Looping through a paginated api asynchronously

I'm currently ingesting data through an API that returns close to 100,000 documents in a paginated fashion (100 per page). I currently have some code that roughly functions as follows:

while c <= limit:
    if not api_url:
        break

    req = urllib2.Request(api_url)
    opener = urllib2.build_opener()
    f = opener.open(req)
    response = simplejson.load(f)

    for item in response['documents']:
        # DO SOMETHING HERE 
    if 'more_url' in response:
        api_url = response['more_url']
    else:
        api_url = None
        break
    c += 1

Downloading the data this way is really slow and I was wondering if there is any way to loop through the pages in an async way.
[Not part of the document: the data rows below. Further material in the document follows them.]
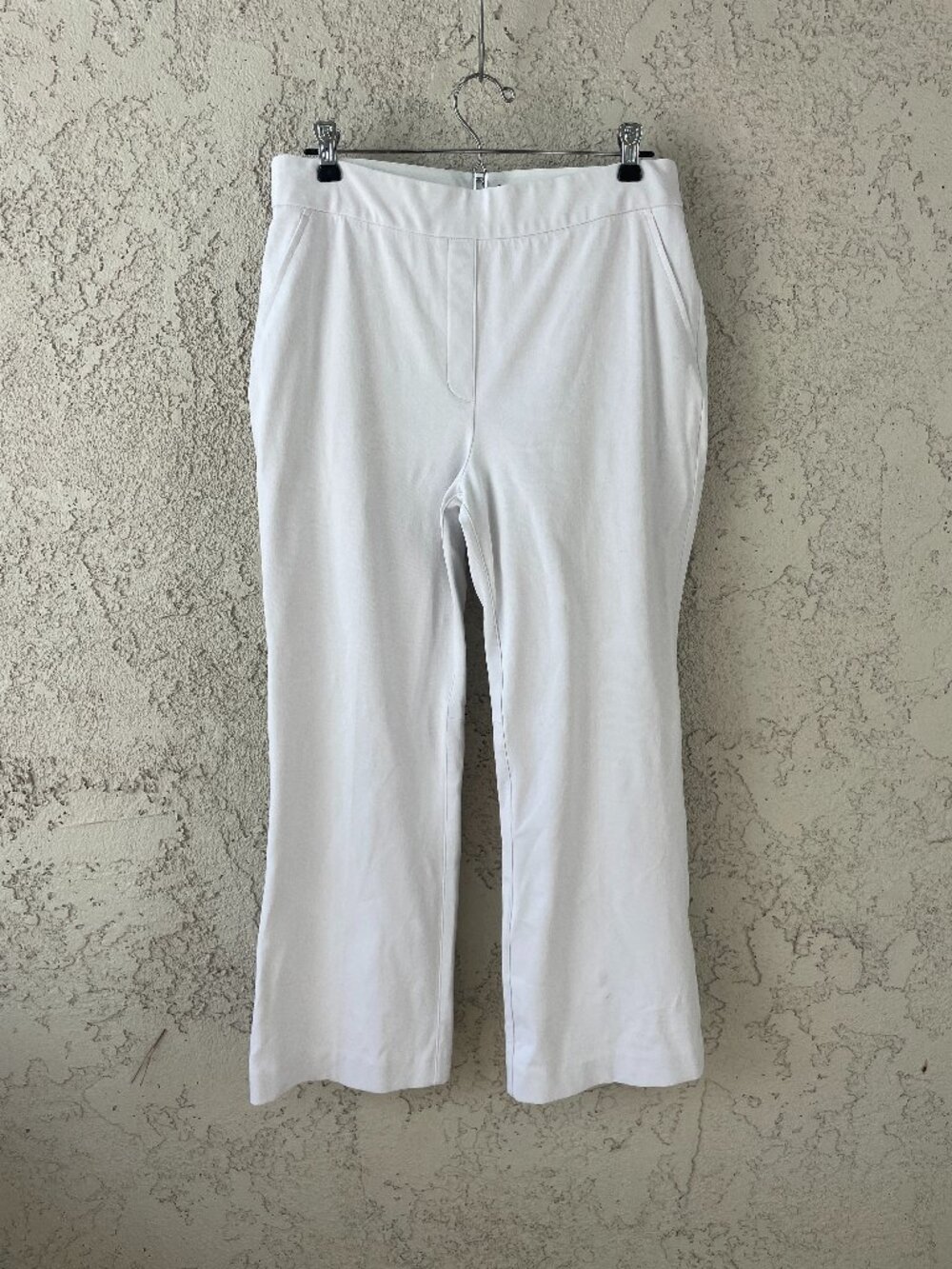 Spanx On-the-Go White Flare Pants Size Large Pull-On Smoothing Tummy Control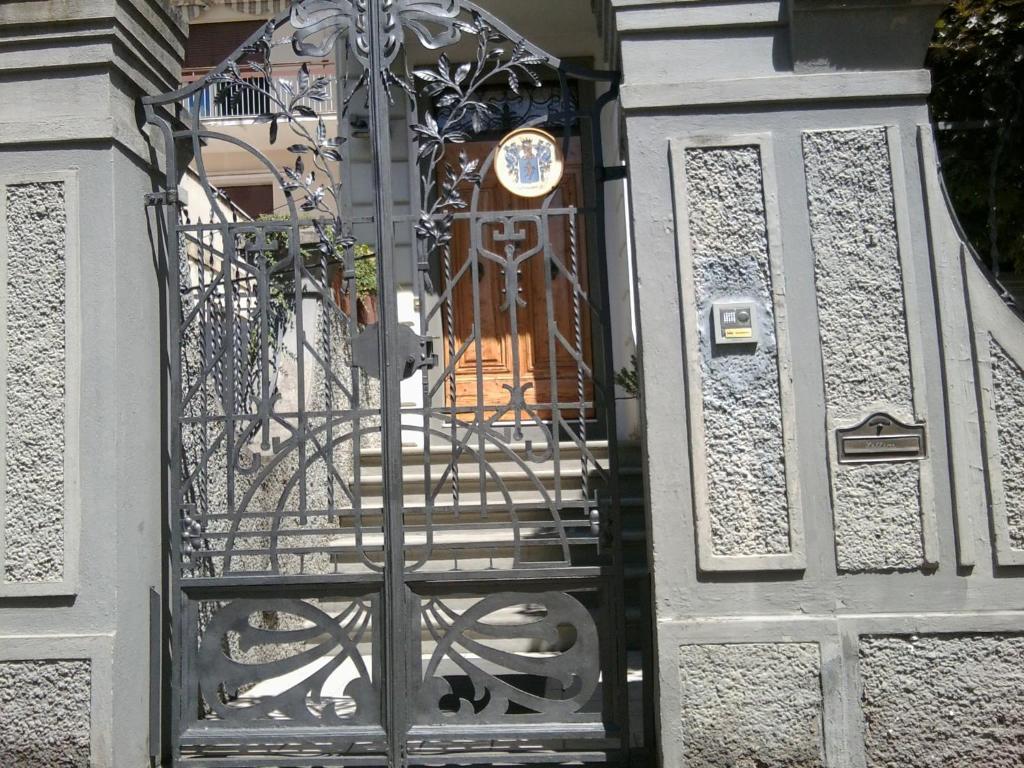 Tarussio Hotel Arezzo Exterior photo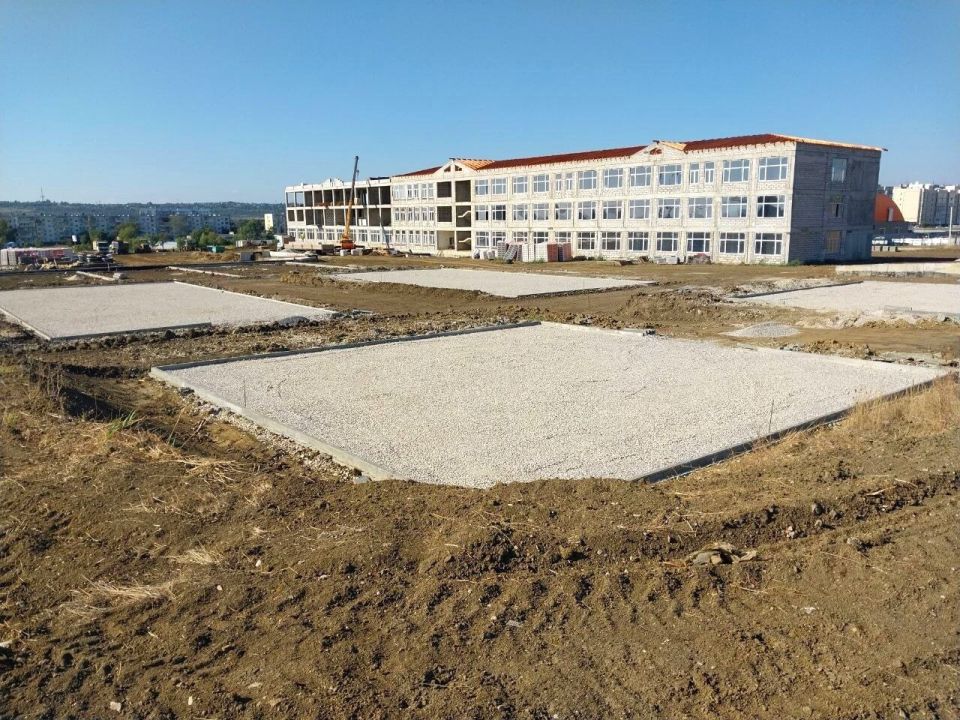 В Керчи продолжается строительство общеобразовательной школы на 825 мест
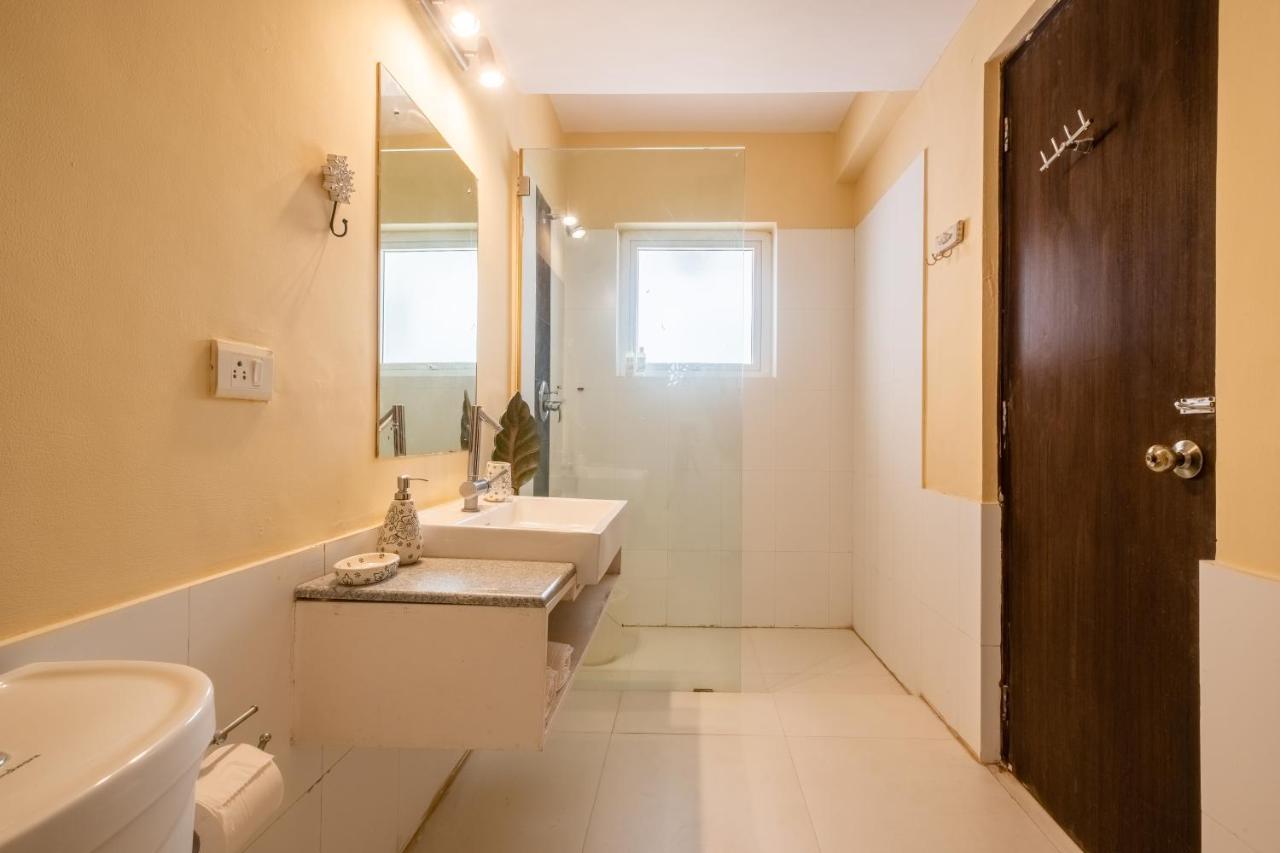 Snowdrop- Exquisite 3Bhk Villa With Pool- Candolim By Staymonkey Calangute Eksteriør bilde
I have been recommended to take a look at twisted, but I am not entirely sure how to proceed.

Upvotes: 2

Views: 3715

Answers (1)

Jerzyk
Jerzyk

Reputation: 3742

What you have here is that you do not know up front about what will be read next unless you will call an API. Think of this like, what you can do in parallel?

I do not know how much you can do in parallel and which tasks, but lets try...

some assumptions: - you can retrieve data from the API without penalties or limits - data processing of one page/batch can be done independently one from other

what is slow is an IO - so immediately you can split your code to two parallel running tasks - one that will read data, then put it in the queue and continue reading unless hit limit/empty response or pause if queue is full

then second task, that is taking data from queue, and do something with data

so you can call one task from another

other approach is that you have one task, that is calling other one immediately after data is read, so their execution will be running in parallel but slightly shifted

how I'll implement it? as celery tasks and yes requests

e.g. the second one:

@task
def do_data_process(data):
   # do something with data
   pass

@task
def parse_one_page(url):
    response = requests.get(url)
    data = response.json()

    if 'more_url' in data:
        parse_one_page.delay(data['more_url'])

    # and here do data processing in this task
    do_data_process(data)
    # or call worker and try to do this in other process
    # do_data_process.delay(data)

and it is up to you how many tasks you will run in parallel if you will add limits to your code, you can even have workers on multiple machines and have separate queues for parse_one_page and do_data_process

why this approach, not twisted or async?

because you have cpu-bond data processing (json, then data) and for this is better to have separate processes and celery is perfect with them.